Lines from the one with "Tommy Brand product" up to and including the one with "Hyper realistic Wolf, Samurai tattoo idea" are to be copied exactly from the records below, without their pictures.

Information provided –

=== Begin Enclosure ===

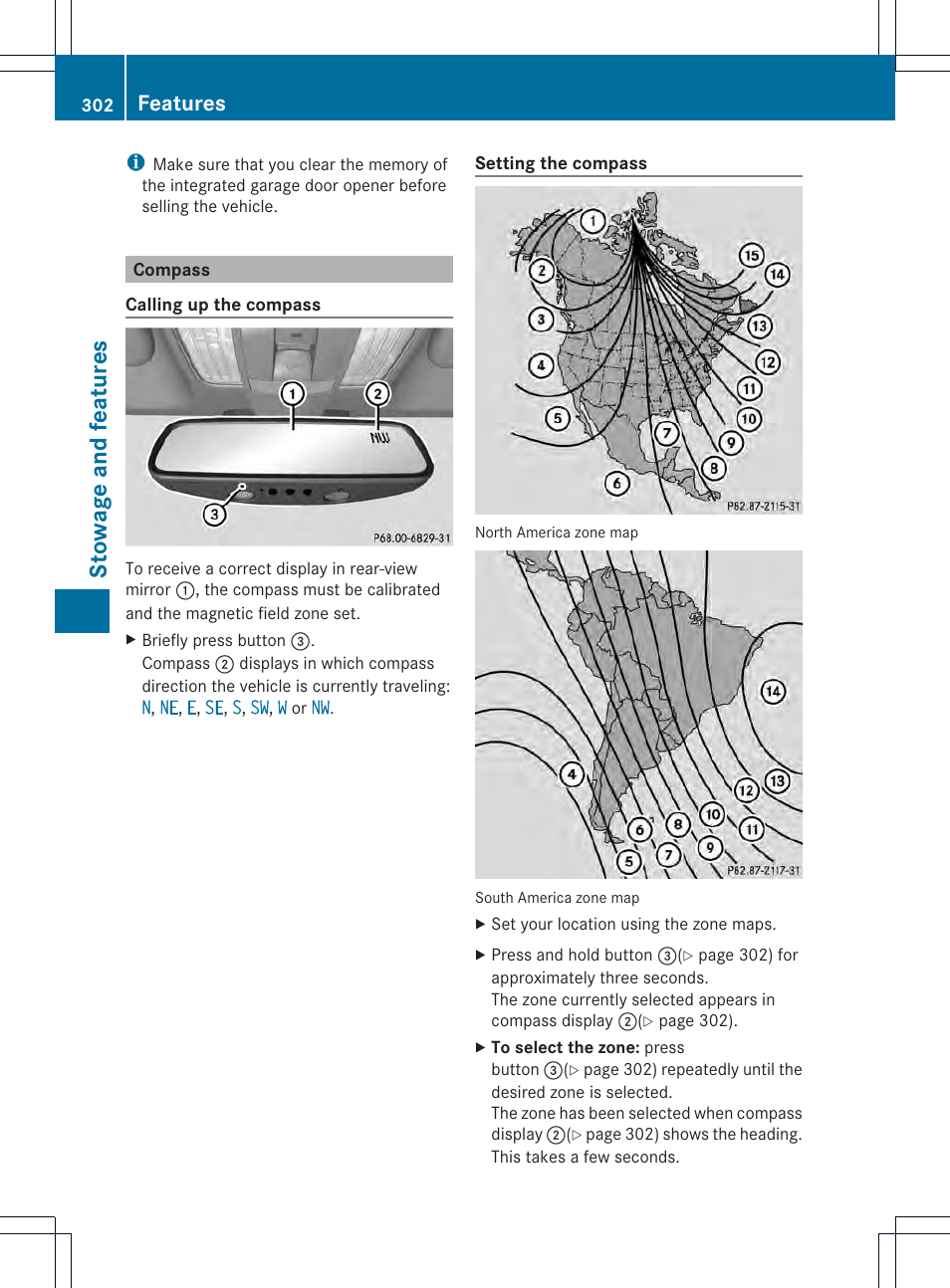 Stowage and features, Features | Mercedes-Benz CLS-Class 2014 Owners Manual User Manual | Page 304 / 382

=== End Enclosure ===
=== Begin Enclosure ===

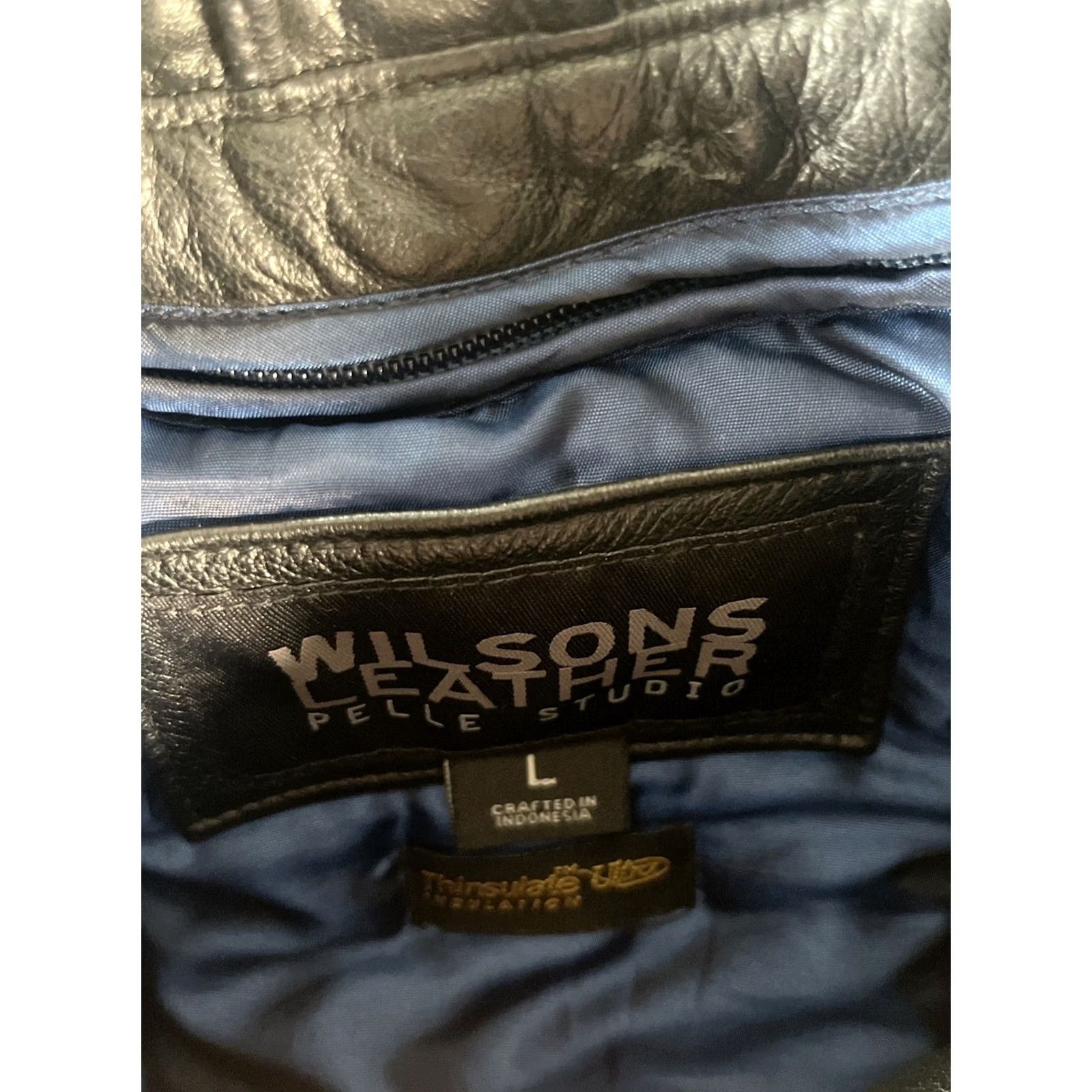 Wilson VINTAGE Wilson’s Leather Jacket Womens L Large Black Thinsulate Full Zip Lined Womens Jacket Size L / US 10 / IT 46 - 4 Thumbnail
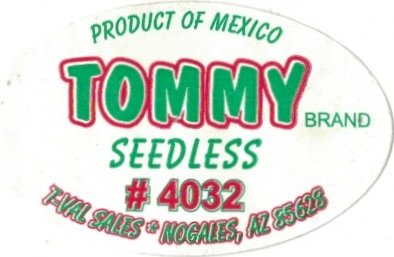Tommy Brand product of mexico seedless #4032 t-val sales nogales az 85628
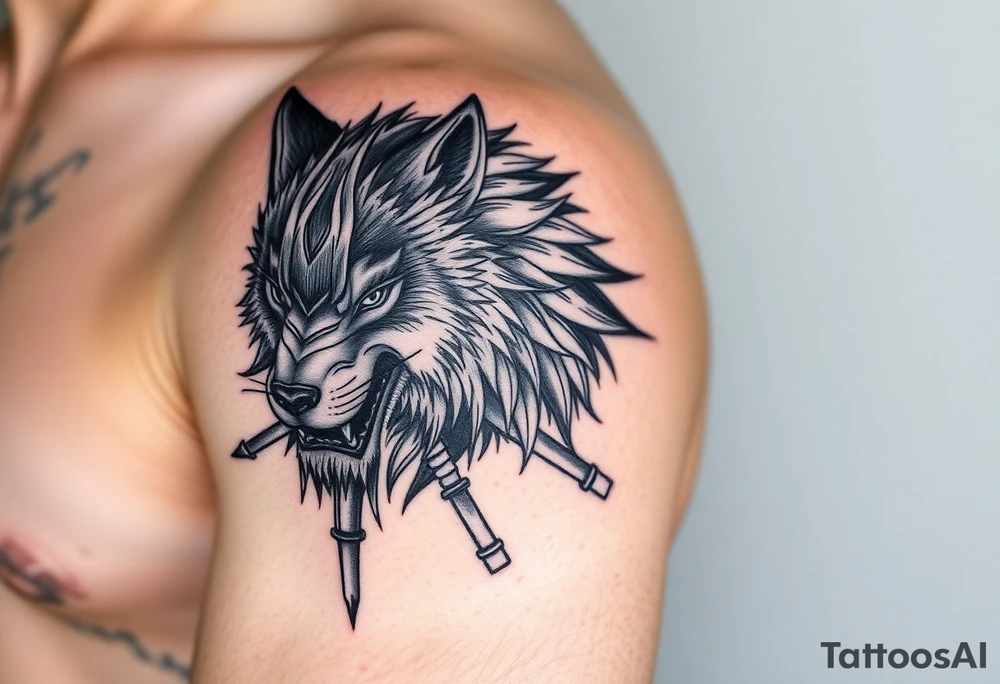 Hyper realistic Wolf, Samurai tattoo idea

=== End Enclosure ===
=== Begin Enclosure ===

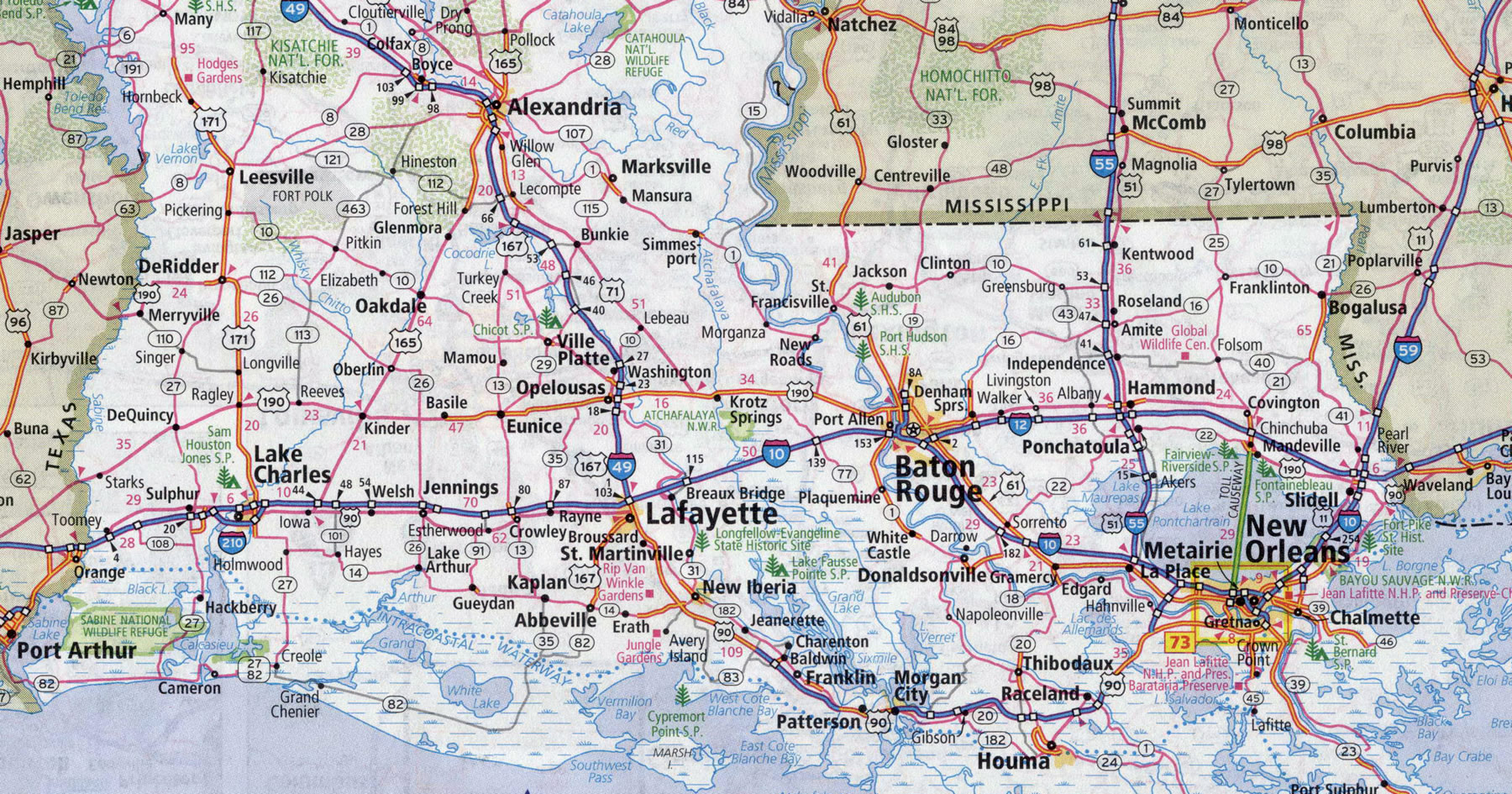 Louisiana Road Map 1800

=== End Enclosure ===

Answer box –
Tommy Brand product of mexico seedless #4032 t-val sales nogales az 85628
 Hyper realistic Wolf, Samurai tattoo idea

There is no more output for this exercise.